+++ RECORDED INFORMATION

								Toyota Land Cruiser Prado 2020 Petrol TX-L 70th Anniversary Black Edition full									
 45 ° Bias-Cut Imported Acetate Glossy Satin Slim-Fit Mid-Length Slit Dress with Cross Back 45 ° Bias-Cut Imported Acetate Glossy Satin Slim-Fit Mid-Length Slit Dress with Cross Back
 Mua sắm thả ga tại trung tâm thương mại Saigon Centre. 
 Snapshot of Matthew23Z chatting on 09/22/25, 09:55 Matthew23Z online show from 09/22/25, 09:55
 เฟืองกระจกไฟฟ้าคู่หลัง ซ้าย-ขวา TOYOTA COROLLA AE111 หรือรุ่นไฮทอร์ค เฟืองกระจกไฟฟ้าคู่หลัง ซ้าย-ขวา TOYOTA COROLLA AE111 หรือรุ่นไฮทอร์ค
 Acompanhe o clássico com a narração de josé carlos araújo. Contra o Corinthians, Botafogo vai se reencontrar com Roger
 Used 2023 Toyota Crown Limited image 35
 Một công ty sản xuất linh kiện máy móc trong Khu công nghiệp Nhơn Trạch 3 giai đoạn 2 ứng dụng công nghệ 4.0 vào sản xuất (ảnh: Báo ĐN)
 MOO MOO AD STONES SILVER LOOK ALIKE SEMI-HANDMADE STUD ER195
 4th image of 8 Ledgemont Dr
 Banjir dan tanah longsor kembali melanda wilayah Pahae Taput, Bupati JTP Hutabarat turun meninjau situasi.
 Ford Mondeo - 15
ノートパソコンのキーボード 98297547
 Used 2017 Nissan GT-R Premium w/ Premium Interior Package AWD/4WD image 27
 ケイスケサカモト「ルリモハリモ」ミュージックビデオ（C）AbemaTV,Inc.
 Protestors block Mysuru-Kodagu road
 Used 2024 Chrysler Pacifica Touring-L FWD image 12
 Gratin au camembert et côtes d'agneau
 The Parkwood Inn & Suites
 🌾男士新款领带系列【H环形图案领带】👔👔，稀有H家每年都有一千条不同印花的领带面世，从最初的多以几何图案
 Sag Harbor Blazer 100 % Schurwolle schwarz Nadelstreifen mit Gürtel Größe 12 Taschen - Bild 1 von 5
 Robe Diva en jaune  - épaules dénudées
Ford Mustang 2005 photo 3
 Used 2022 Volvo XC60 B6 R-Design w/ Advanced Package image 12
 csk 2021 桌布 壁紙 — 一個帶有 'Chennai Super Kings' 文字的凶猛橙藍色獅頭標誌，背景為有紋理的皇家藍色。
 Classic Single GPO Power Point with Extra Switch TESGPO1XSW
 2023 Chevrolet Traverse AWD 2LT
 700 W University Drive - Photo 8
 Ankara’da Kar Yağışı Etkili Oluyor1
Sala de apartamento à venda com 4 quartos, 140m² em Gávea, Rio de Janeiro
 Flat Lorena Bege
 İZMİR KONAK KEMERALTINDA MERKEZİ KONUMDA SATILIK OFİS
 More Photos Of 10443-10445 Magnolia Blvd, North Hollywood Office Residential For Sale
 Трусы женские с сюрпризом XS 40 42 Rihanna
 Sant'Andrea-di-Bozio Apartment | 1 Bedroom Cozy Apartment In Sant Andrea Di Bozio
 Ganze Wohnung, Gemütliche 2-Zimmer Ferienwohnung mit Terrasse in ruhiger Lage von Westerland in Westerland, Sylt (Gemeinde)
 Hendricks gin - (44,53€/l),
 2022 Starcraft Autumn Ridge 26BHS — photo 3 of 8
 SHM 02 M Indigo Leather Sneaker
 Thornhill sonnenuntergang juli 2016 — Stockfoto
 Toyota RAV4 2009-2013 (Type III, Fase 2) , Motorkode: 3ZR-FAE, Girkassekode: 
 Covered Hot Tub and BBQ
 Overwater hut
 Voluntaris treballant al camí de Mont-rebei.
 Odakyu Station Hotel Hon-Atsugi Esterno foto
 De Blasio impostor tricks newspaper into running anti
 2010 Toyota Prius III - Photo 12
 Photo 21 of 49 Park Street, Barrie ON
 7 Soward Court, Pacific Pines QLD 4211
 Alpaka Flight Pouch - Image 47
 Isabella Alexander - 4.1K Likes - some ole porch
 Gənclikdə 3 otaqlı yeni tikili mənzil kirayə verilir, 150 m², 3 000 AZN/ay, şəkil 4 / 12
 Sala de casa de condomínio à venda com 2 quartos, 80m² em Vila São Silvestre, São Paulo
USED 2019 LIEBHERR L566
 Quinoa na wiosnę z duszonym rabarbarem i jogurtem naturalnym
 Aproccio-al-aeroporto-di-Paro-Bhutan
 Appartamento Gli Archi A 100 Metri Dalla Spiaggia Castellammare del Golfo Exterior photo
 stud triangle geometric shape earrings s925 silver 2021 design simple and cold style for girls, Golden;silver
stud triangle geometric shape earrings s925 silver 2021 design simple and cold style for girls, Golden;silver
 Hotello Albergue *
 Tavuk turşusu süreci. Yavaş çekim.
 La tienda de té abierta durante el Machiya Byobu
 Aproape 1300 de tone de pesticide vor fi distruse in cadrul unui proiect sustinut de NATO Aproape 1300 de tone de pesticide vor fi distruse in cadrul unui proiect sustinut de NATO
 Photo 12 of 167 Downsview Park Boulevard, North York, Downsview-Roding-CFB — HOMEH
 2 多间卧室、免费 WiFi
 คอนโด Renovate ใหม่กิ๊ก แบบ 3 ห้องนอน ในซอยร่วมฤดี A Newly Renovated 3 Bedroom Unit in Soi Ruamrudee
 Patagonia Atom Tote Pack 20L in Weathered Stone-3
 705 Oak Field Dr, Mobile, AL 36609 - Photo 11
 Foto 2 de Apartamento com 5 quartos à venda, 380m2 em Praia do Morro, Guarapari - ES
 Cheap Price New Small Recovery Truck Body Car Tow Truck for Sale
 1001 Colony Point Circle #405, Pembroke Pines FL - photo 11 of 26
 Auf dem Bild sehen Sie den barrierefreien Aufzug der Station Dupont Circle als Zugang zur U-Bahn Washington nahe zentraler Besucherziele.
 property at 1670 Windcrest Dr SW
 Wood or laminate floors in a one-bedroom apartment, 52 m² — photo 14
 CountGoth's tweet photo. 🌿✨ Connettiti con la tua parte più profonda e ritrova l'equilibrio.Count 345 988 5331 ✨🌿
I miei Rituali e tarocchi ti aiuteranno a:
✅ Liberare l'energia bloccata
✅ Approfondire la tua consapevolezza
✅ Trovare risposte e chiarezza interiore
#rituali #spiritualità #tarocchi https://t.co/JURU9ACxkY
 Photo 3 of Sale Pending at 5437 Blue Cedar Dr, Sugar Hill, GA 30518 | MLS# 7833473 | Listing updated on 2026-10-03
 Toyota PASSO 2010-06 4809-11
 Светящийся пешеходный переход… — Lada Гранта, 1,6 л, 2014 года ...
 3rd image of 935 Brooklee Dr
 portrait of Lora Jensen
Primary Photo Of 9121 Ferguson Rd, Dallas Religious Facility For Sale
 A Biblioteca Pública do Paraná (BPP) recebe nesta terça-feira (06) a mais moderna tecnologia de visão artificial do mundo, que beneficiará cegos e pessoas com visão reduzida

++++++

▸ ACTIVITY:
Given the records above, restate word for word only the lines starting at the one with "Used 2022 Volvo" and ending at the one with "de NATO Aproape".

▸ EXERCISE RESULT:
 Used 2022 Volvo XC60 B6 R-Design w/ Advanced Package image 12
 csk 2021 桌布 壁紙 — 一個帶有 'Chennai Super Kings' 文字的凶猛橙藍色獅頭標誌，背景為有紋理的皇家藍色。
 Classic Single GPO Power Point with Extra Switch TESGPO1XSW
 2023 Chevrolet Traverse AWD 2LT
 700 W University Drive - Photo 8
 Ankara’da Kar Yağışı Etkili Oluyor1
Sala de apartamento à venda com 4 quartos, 140m² em Gávea, Rio de Janeiro
 Flat Lorena Bege
 İZMİR KONAK KEMERALTINDA MERKEZİ KONUMDA SATILIK OFİS
 More Photos Of 10443-10445 Magnolia Blvd, North Hollywood Office Residential For Sale
 Трусы женские с сюрпризом XS 40 42 Rihanna
 Sant'Andrea-di-Bozio Apartment | 1 Bedroom Cozy Apartment In Sant Andrea Di Bozio
 Ganze Wohnung, Gemütliche 2-Zimmer Ferienwohnung mit Terrasse in ruhiger Lage von Westerland in Westerland, Sylt (Gemeinde)
 Hendricks gin - (44,53€/l),
 2022 Starcraft Autumn Ridge 26BHS — photo 3 of 8
 SHM 02 M Indigo Leather Sneaker
 Thornhill sonnenuntergang juli 2016 — Stockfoto
 Toyota RAV4 2009-2013 (Type III, Fase 2) , Motorkode: 3ZR-FAE, Girkassekode: 
 Covered Hot Tub and BBQ
 Overwater hut
 Voluntaris treballant al camí de Mont-rebei.
 Odakyu Station Hotel Hon-Atsugi Esterno foto
 De Blasio impostor tricks newspaper into running anti
 2010 Toyota Prius III - Photo 12
 Photo 21 of 49 Park Street, Barrie ON
 7 Soward Court, Pacific Pines QLD 4211
 Alpaka Flight Pouch - Image 47
 Isabella Alexander - 4.1K Likes - some ole porch
 Gənclikdə 3 otaqlı yeni tikili mənzil kirayə verilir, 150 m², 3 000 AZN/ay, şəkil 4 / 12
 Sala de casa de condomínio à venda com 2 quartos, 80m² em Vila São Silvestre, São Paulo
USED 2019 LIEBHERR L566
 Quinoa na wiosnę z duszonym rabarbarem i jogurtem naturalnym
 Aproccio-al-aeroporto-di-Paro-Bhutan
 Appartamento Gli Archi A 100 Metri Dalla Spiaggia Castellammare del Golfo Exterior photo
 stud triangle geometric shape earrings s925 silver 2021 design simple and cold style for girls, Golden;silver
stud triangle geometric shape earrings s925 silver 2021 design simple and cold style for girls, Golden;silver
 Hotello Albergue *
 Tavuk turşusu süreci. Yavaş çekim.
 La tienda de té abierta durante el Machiya Byobu
 Aproape 1300 de tone de pesticide vor fi distruse in cadrul unui proiect sustinut de NATO Aproape 1300 de tone de pesticide vor fi distruse in cadrul unui proiect sustinut de NATO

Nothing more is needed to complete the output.